All of the art comes from the legendary Kunsthistorisches Museum, a sprawling Viennese complex that includes specialized museums of paintings and sculpture, carriages, arms and armor, antiquities, musical instruments, costumes and more.

Most of the objects were owned by the Habsburgs, a fabulously wealthy dynasty that was in power in European politics from the 1400s until 1918, when World War I dissolved the German-allied Austro-Hungarian Empire.

At various times Habsburg family members ruled Spain, the Netherlands, much of Germany and parts of Italy, as well as their hereditary redoubts in Austria, Hungary and Eastern Europe.
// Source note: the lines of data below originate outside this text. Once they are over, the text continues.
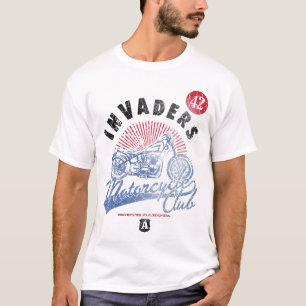 T-shirt Chemise de club de moto d'envahisseurs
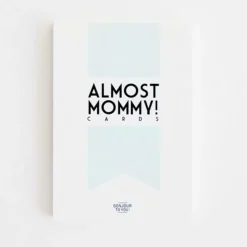 Almost Mommy Cards (24St) Bonjour To You!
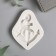 Mold Silicon "Anchor with a rope" 1.2x5.2x6.5 cm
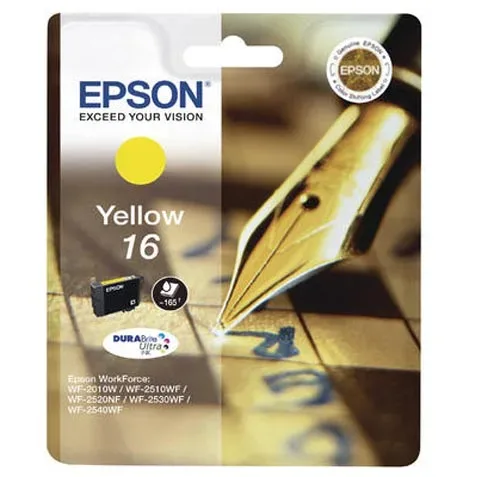 Epson, Epson E16y Druckerpatronen ye - Epson No. 16 y, C13T16244010 für z.B. Epson WorkForce WF -2010 W, Epson WorkForce WF -2500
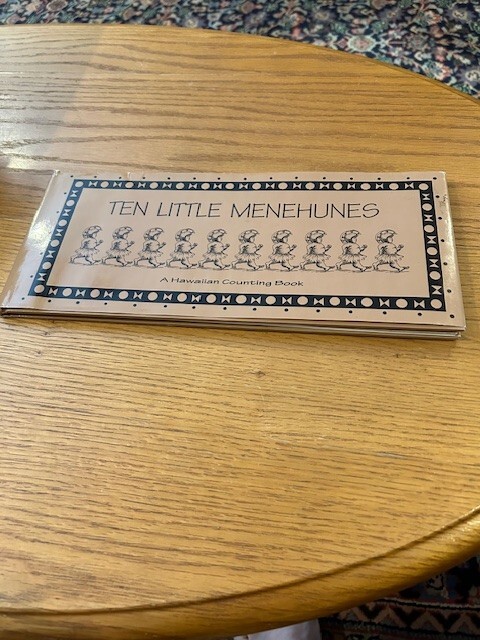 Ten Little Menehunes, Ist edition signed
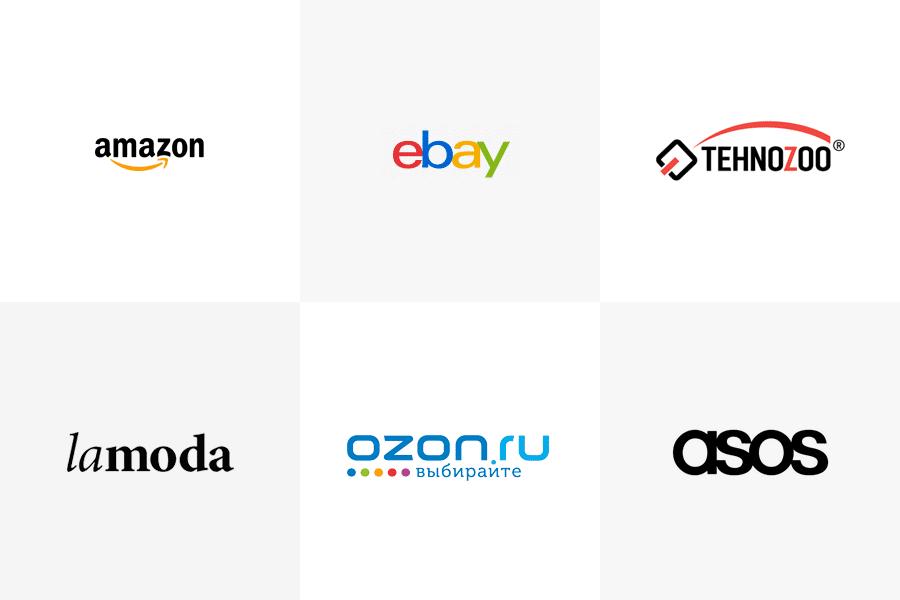 Modern popular logos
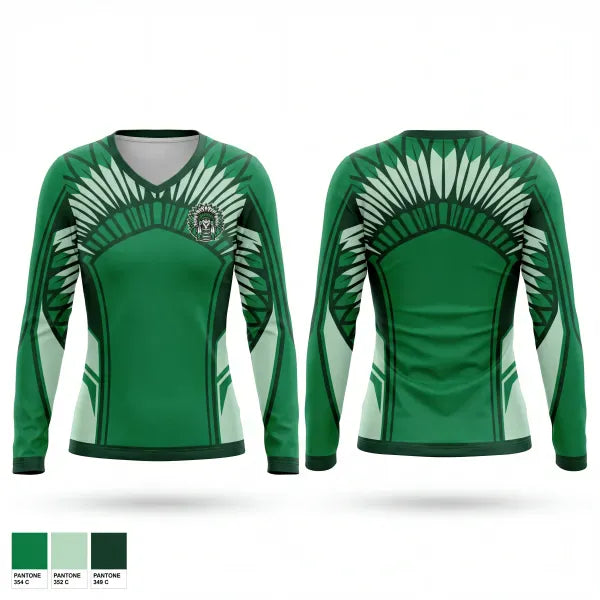 Womens Long Sleeve Vneck Shirt, Murray County High School Tennis, Tennis, Teamtime, Team time, sublimation, custom sports apparel, team uniforms, spirit wear, spiritwear, sports uniforms, custom shirts, team store, custom team store, fundraiser sports, apparel fundraiser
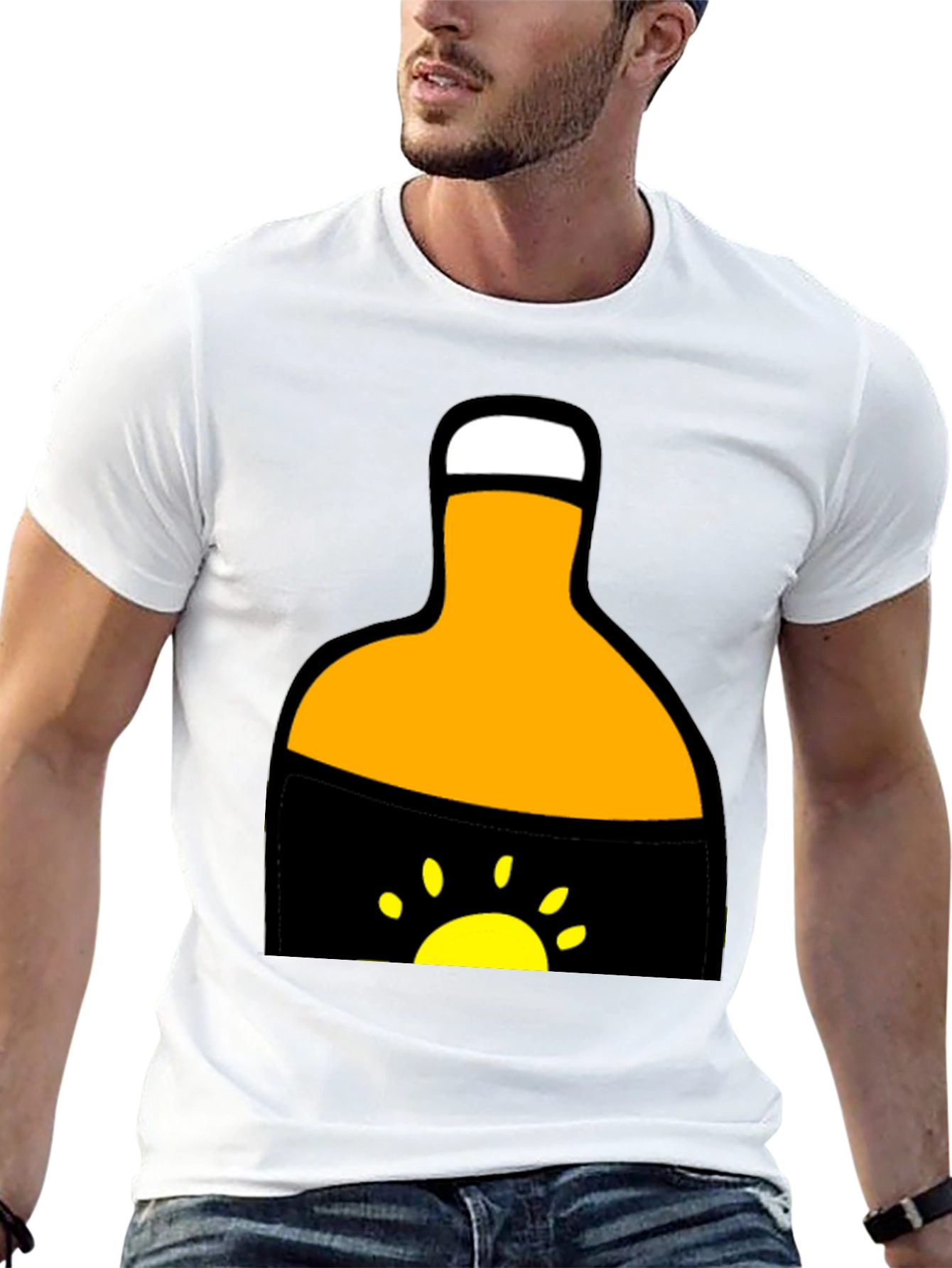 Sunrise Pocket Graphic Tee - Unique Design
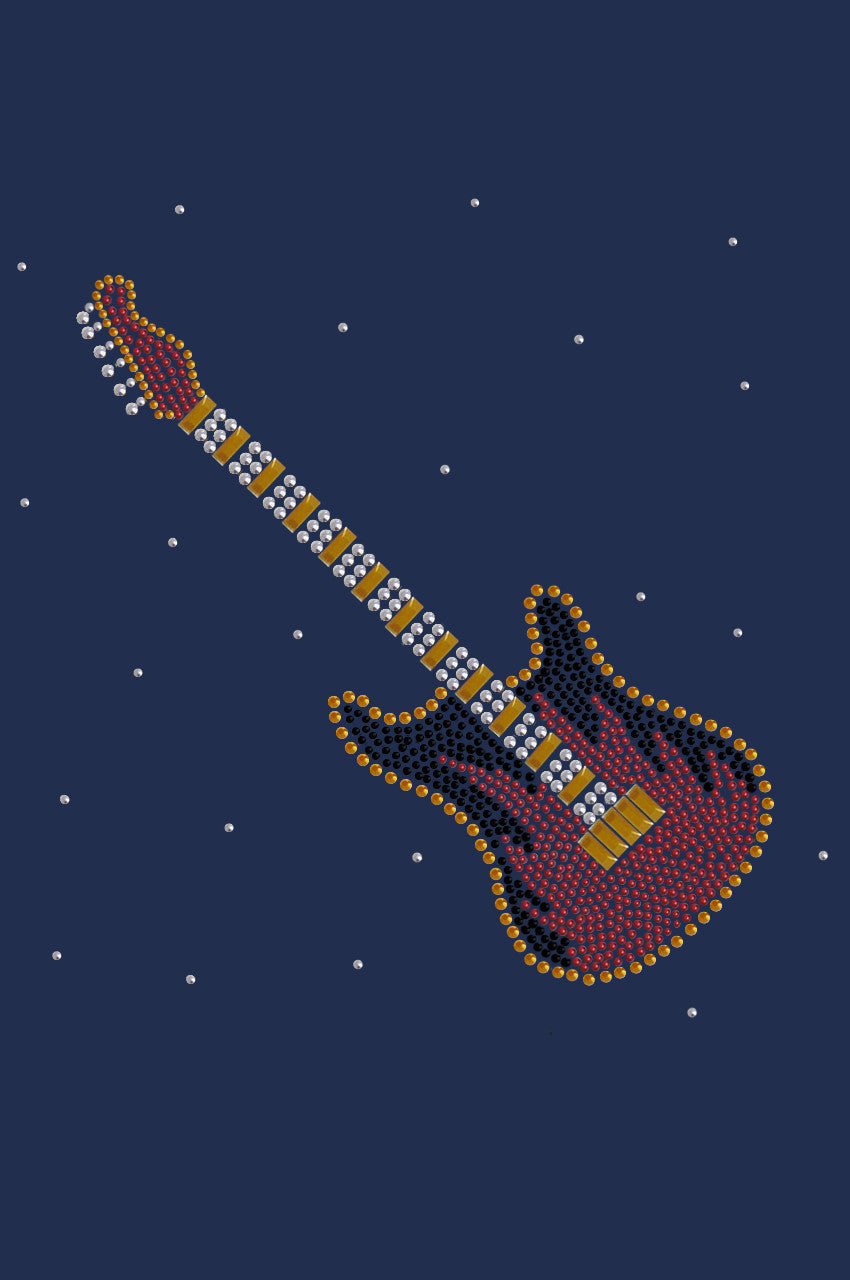 Guitar (Red & Gold) - Women's T-shirt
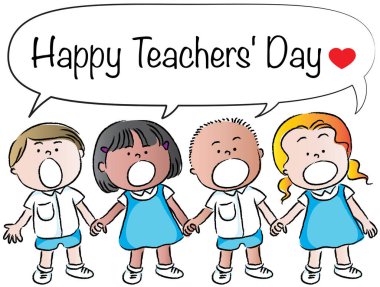 Çocuklar ve çocuk aşık olmuş.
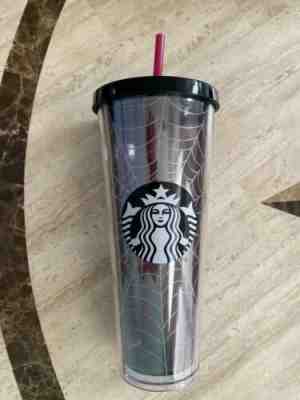 New Starbucks 2019 Glitter Spiderweb Limited Edition Tumbler Cup Halloween Fall - Sold on eBay Oct, 23rd 2019 for $39.94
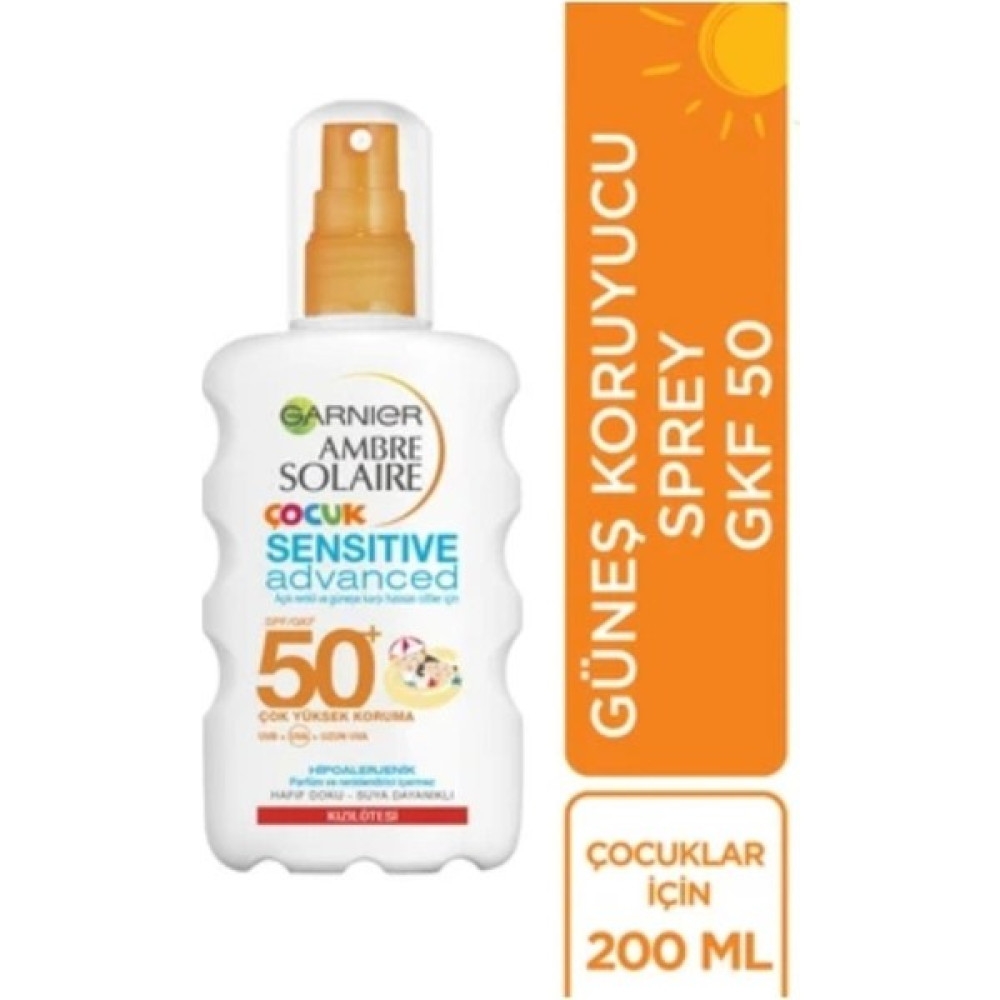 Garnier Ambre Solaire Sensitive Advanced Çocuk Sprey GKF50+ 200ML Güneş Kremleri ve Losyonları Fiyatı
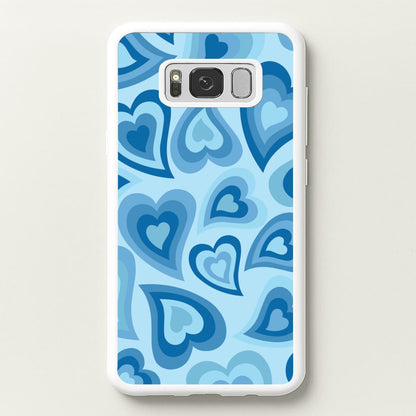 Blue Hearts - Trippy Patterns  - Trippy Patterns Phone Case for Galaxy S8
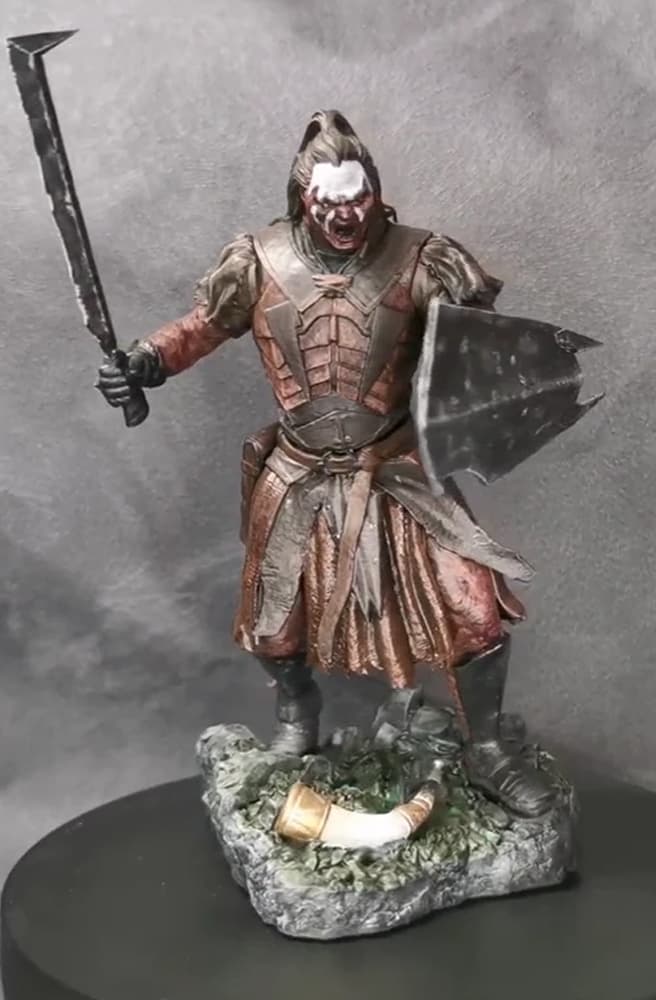 🔥 فیگور اورک Lurtz (Lord of the Rings) | جنس PLA+ | ارتفاع ۴۰ سانتی‌متر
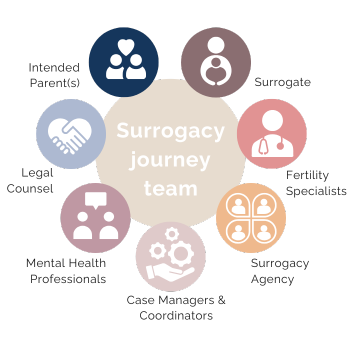 Surrogacy journey team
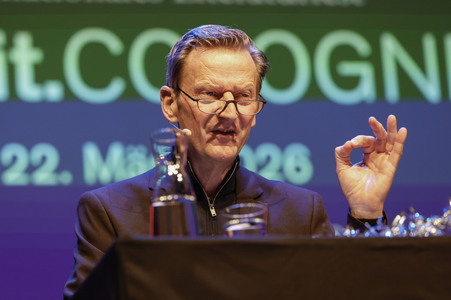 Annette Frier und Michael Kessler auf der lit.Cologne 2026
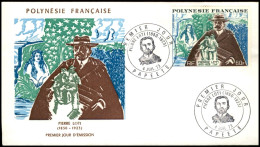 OLTREMARE - POLINESIA FRANCESE - 1973 - 60 Fr Pierre Loti (168) - FDC 4.7.73 - Andere & Zonder Classificatie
What they didn’t control outright, they were often linked to through marriages and other alliances: Marie Antoinette was a Habsburg as was Napoleon’s second wife.

“We wanted to tell the story of the Habsburgs, one of the most important dynasties in human history and not well known in America,” said Feldman.

The show will feature 93 objects, including 35 important paintings, three of which have never appeared in the U.S. before:

• Caravaggio’s “The Crowning With Thorns,” a brooding image of Christ being tortured, painted in 1602-04.

• Hans Holbein’s 1536 portrait of Jane Seymour, the third wife of England’s Henry VIII.

• Correggio’s “Jupiter and Io,” a luscious 1530 image of a nude beauty (Io) being embraced by a furry cloud (Jupiter) that scholarly wags sometimes dub the sexiest “old master” picture in Europe.

“It is one of the most erotic paintings in Western art,” Feldman said.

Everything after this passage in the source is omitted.